There's more and the October 15th snapshot
goes through some of the weapons used to turn Falluja into a toxic
dump. Along with Press TV, others covering it back then included
So the first problem is Dan
Murphy wants to inform, "As David Issenberg, whose post earlier this
month brought the study to my attention, summarizes: [. . .]" This is what Dan Murphy meant to link to
and Isenberg wrote it October 22nd. (And I would normally be nicer
about this link issue but I'm not in the damn mood and I'll explain why
shortly -- but let's point it out, Murphy can't even do a link
correctly?). October 22nd? Eight days after the foreign press has
started covering the latest findings?
Again,
what is Dan Murphy? Is he reporter, is he columnist? He certainly has
a lot of opinions for someone allegedly reporting. Biased opinions one
could accurately argue that should lead to other people being assigned
to topics. For example, when you say there's nothing to see here about
an ongoing investgiation, your ass needs to be pulled from any coverage
of that assignment. Readers no longer suspect you're slanting coverage,
they now know you are. Murphy wrote a ridiculous report or column or
whatever the hell it was on Friday.
But this tops it because Murphy's supposed to be 'foreign coverage' of the non-freelance set at the Christian Science Monitor. If you're covering foreign countries for the Monitor
and doing it from the United States, I think most people would assume
you'd follow foreign coverage. But while the Falluja and Basra birth
defect story was getting massive foreign press coverage from outlets in
England, Iran, Iraq, Russia, Ireland, Australia, Austria, Japan and
France, the story never popped up on Murphy's radar. It took a US site
called Public Intelligence Blog writing about it eight days after the world press had given it saturation coverage for Dan Murphy to become aware of it.

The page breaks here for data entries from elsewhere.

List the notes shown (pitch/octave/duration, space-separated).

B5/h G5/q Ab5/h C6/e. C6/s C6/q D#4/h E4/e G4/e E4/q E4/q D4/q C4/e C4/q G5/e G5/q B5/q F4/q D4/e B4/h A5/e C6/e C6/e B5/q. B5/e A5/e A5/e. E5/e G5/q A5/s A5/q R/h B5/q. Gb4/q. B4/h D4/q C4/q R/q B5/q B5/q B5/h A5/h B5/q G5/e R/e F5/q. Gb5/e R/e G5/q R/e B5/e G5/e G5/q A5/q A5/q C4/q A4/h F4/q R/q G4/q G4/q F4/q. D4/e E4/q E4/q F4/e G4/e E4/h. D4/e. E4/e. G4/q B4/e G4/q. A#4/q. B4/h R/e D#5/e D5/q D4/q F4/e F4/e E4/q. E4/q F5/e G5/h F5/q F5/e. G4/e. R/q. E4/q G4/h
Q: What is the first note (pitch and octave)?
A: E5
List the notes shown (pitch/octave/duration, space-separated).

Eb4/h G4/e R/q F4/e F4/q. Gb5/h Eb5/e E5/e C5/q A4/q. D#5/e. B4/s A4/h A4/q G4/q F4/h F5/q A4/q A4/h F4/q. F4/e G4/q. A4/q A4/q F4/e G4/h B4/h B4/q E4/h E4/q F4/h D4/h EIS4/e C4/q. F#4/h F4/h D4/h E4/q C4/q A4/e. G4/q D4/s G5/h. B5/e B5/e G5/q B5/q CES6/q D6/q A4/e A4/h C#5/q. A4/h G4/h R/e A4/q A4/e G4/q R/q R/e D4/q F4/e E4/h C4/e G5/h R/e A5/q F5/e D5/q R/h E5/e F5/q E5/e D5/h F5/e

That's sad and that's disturbing.
On Thursday, he insisted there was nothing to see in the Benghazi attack. So I guess Senator Dianne Feinstein can call off her Committee's November 15th closed hearing? That was the stupidest comment to make because he's covered the topic for the Monitor.
He can't cover it now. His bias was clear in that article which
basically read: "Republicans are crazy! I love Barack." That's why the Christian Science Monitor is on it's last legs, by the way. The fact that this attitude, this bias, was evident for four years now. That's not how the Monitor made its name. But it is how the Monitor digs its grave.
Before
we can get to the news of the children, we have to wade through garbage
from Murphy. Does he (wrongly) think that he's the most important
element of the story? Or that people give a damn about him? Instead of
a focus on the children of Iraq, we get self-focused crap like this:
As
a reporter, perhaps to my shame, I pushed aside pursuit of stories
about cancer clusters or surges in childhood illness, since the reality
of people's suspicions was unknowable, absent scientific study.
You're
an idiot, Dan Murphy, you always were. You've repeatedly failed to be a
reporter and show skepticism instead grabbing onto anything that a
White House would feed you. Let's remember, it was Knight Ridder
Newspapers, not the Christiain Science Monitor, that offered
reports debunking the White House claims about Iraq in 2002 and 2003.
There's a reason for that. Today Dan Murphy worships Barack. Prior to
that, he worshipped Bush. ( Even today, Murphy can't admit that Bush lied about Iraq.
This despite Ambassador Joseph Wilson's disproving the Niger yellow
cake assertion before it ever made it out of Bush's lips publicly --
this despite the witch hunt against Wilson's wife, CIA agent Valerie
Plame). Reporters shouldn't worship any politician. Or, if they
prefer, reporters shouldn't worship any office.
Murphy can
get up-close-and-personal about himself but where in his writing are
Iraqi children ever anything but a statistic? And not even illuminating
statistics at that.
October 14th, we were
covering the latest findings. 15 days later, Dan Murphy finally finds
the story and has not one damn thing to offer other than statements
about himself?
We offered:
The
study finds that, of central nervous system defects, the most common
since the start of the Iraq War has been anencephaly. The Center for Disease Control explains,
"Anencephaly is a serious birth defect in which a baby is born without
parts of the brain and skull. It is a type of neural tube defect (NTD).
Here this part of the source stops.